[[ Material to process open ]]
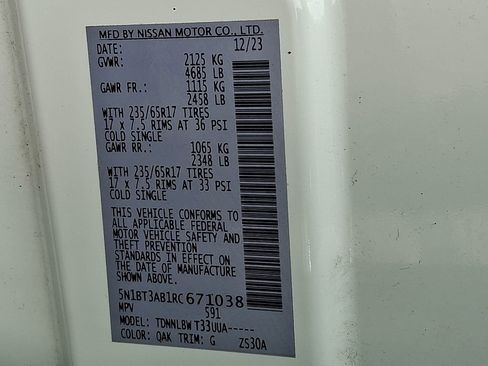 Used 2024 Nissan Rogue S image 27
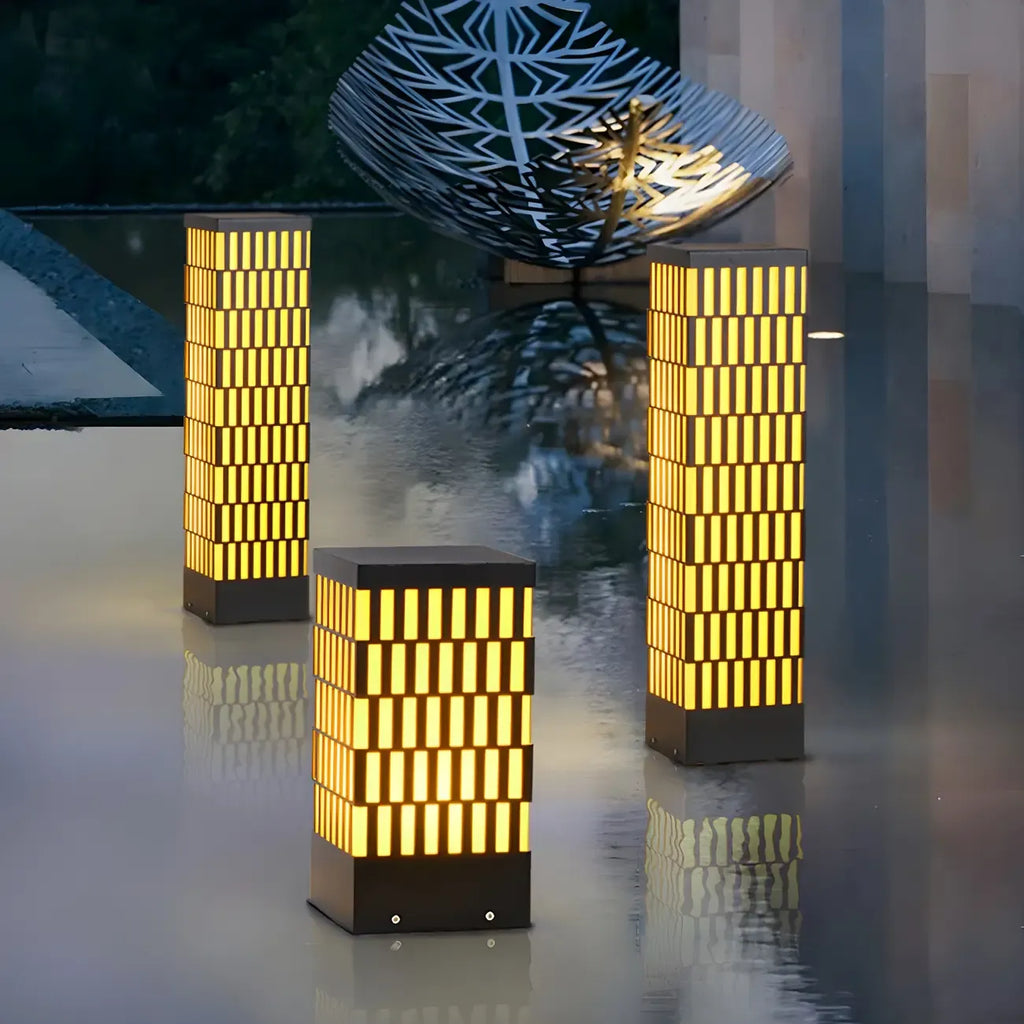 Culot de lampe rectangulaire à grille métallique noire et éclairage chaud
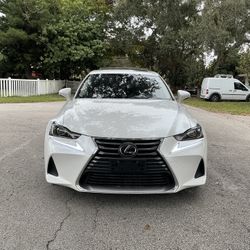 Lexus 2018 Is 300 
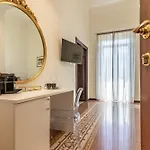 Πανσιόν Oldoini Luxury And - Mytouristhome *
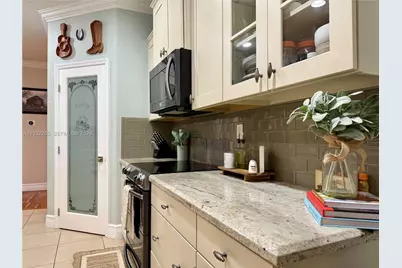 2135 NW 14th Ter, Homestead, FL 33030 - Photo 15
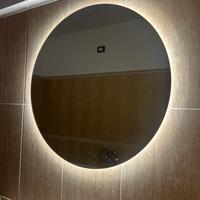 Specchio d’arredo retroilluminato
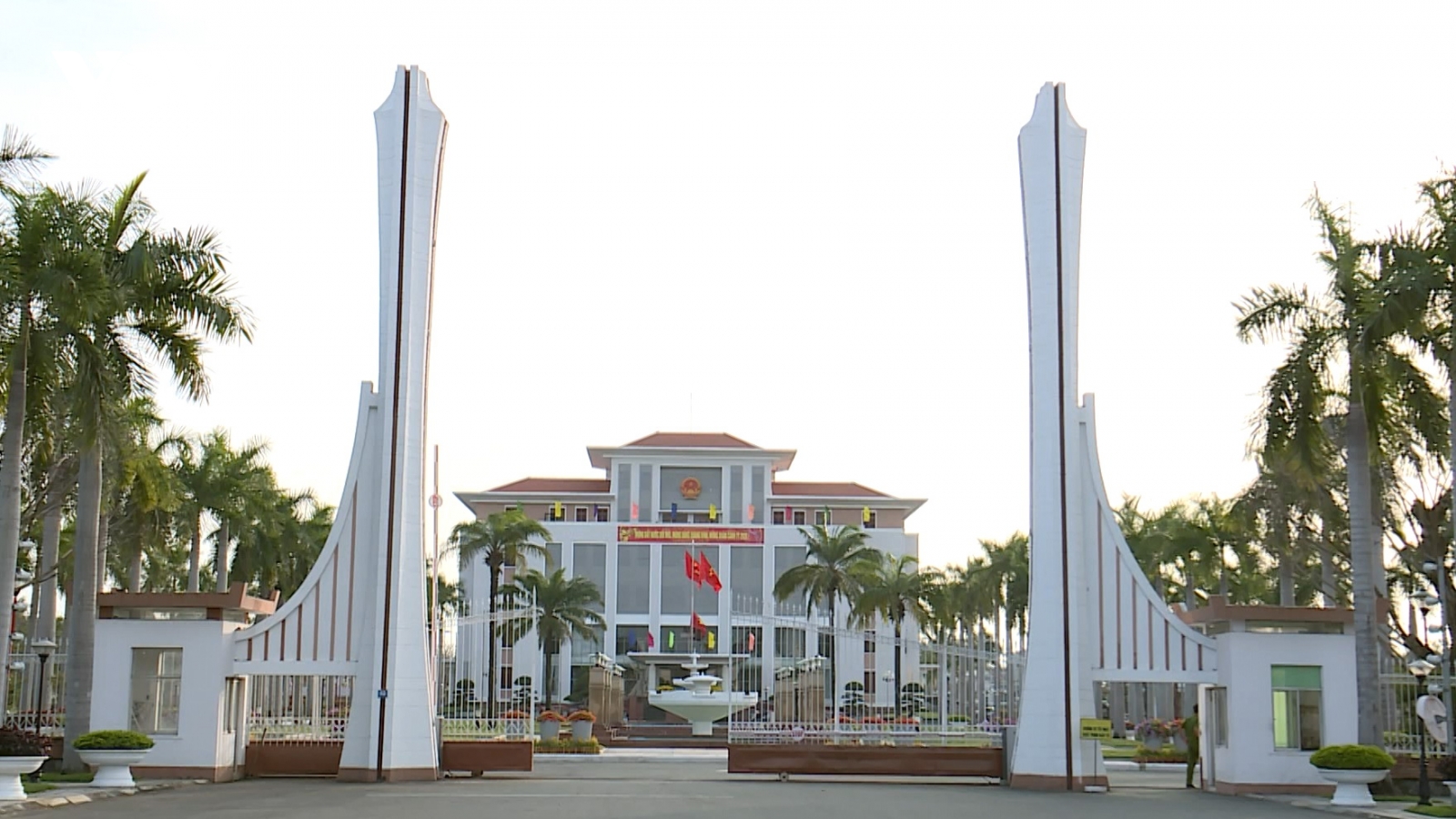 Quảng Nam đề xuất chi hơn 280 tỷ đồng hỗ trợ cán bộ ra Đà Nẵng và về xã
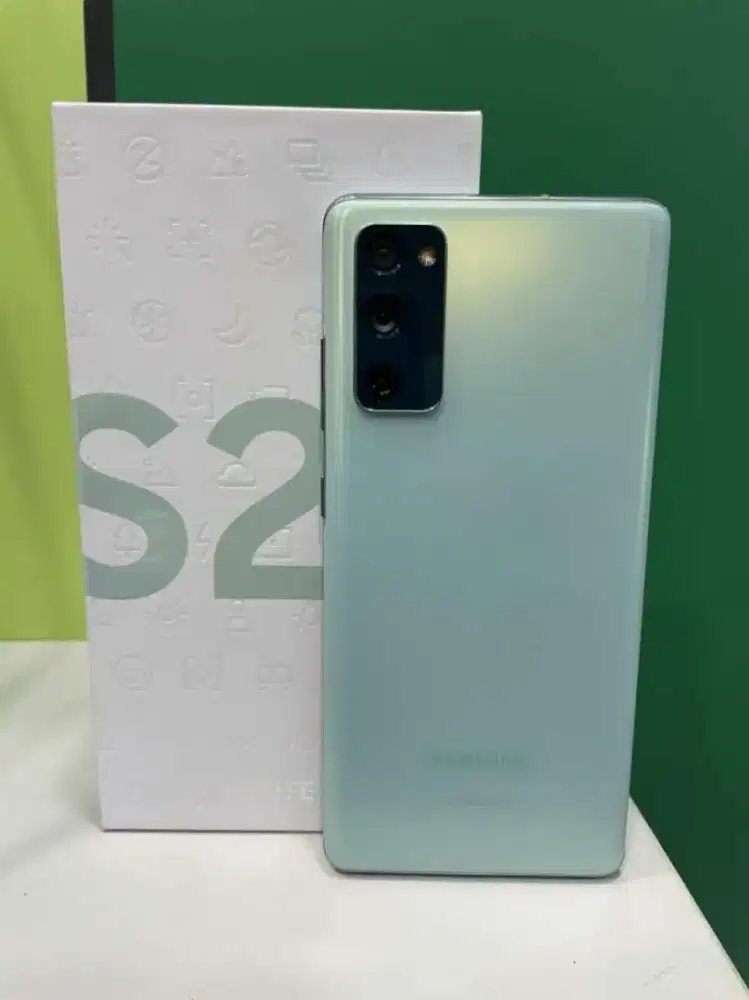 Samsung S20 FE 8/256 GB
[[ Material to process closed ]]
▶ **Your assignment**
Do not include images; quote all of the entries above exactly.

▶ **Response**
 Used 2024 Nissan Rogue S image 27
 Culot de lampe rectangulaire à grille métallique noire et éclairage chaud
 Lexus 2018 Is 300 
 Πανσιόν Oldoini Luxury And - Mytouristhome *
 2135 NW 14th Ter, Homestead, FL 33030 - Photo 15
 Specchio d’arredo retroilluminato
 Quảng Nam đề xuất chi hơn 280 tỷ đồng hỗ trợ cán bộ ra Đà Nẵng và về xã
 Samsung S20 FE 8/256 GB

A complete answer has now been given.